• What is being asked
Your answer must be the data repeated exactly, with no pictures in it.

• Dataset content
*** Begin section ***

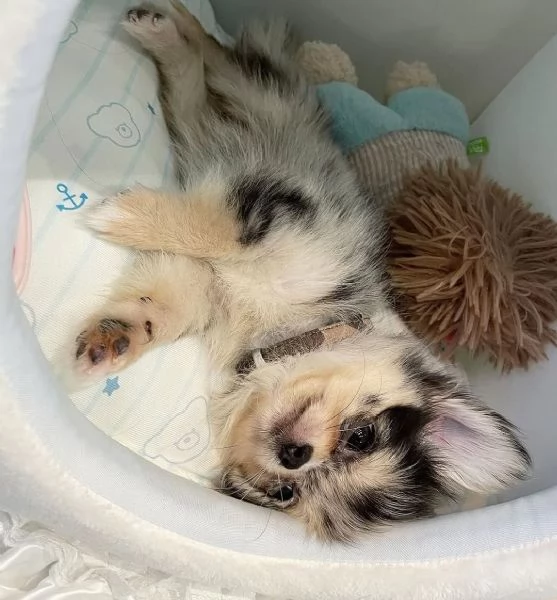 Cuccioli di Chihuahua di razza pura | Foto 0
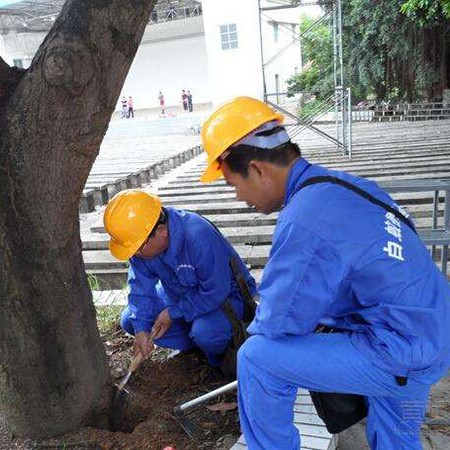 广东省白蚁防治研究所，守护建筑安全的先锋力量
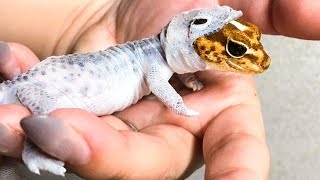 10 Cosas Que Quizás No Sabias Sobre Los Reptiles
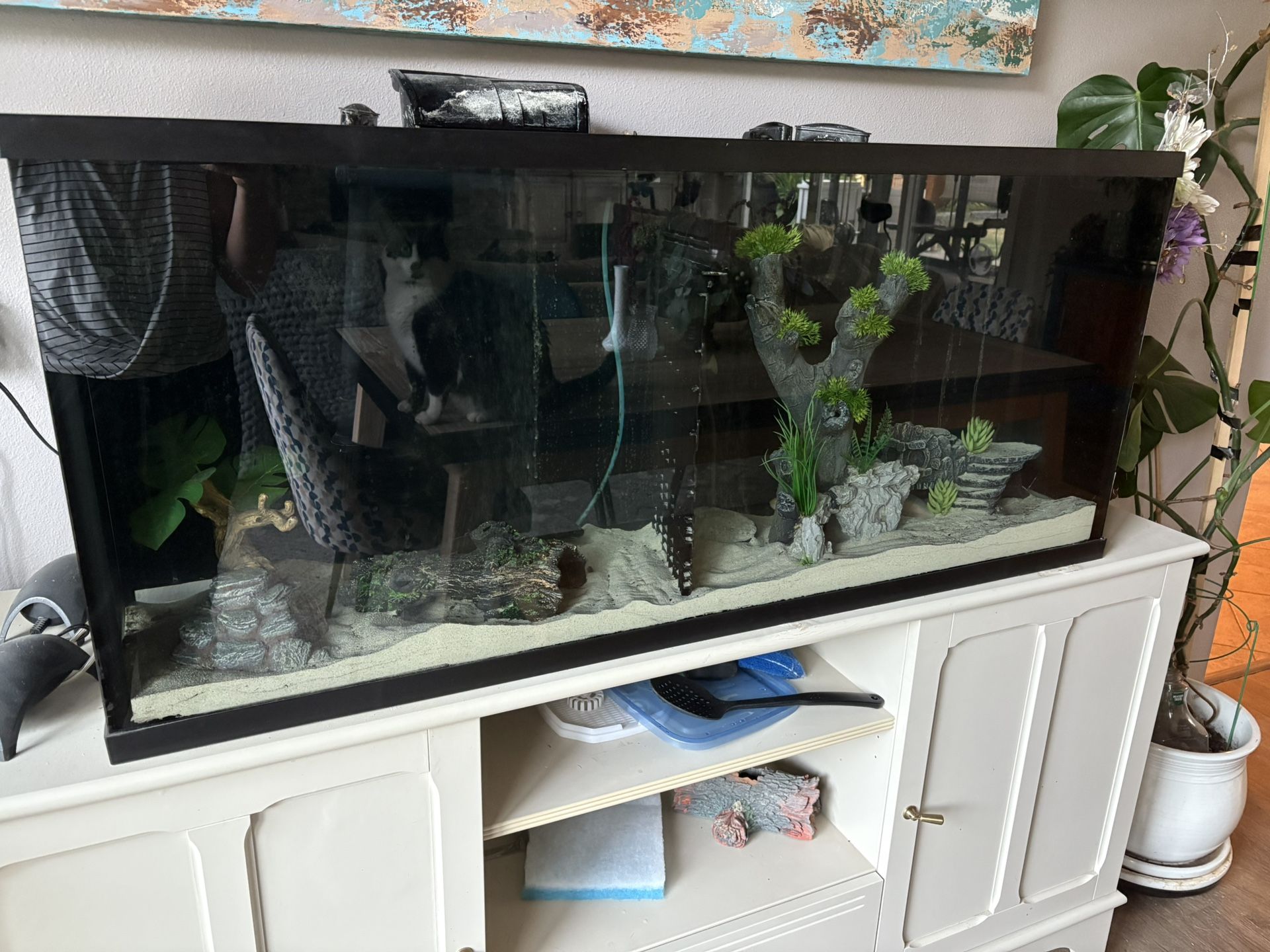 55 Gallon Tank EVERYTHING Included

*** End section ***

• Exercise output
 Cuccioli di Chihuahua di razza pura | Foto 0
 广东省白蚁防治研究所，守护建筑安全的先锋力量
 10 Cosas Que Quizás No Sabias Sobre Los Reptiles
 55 Gallon Tank EVERYTHING Included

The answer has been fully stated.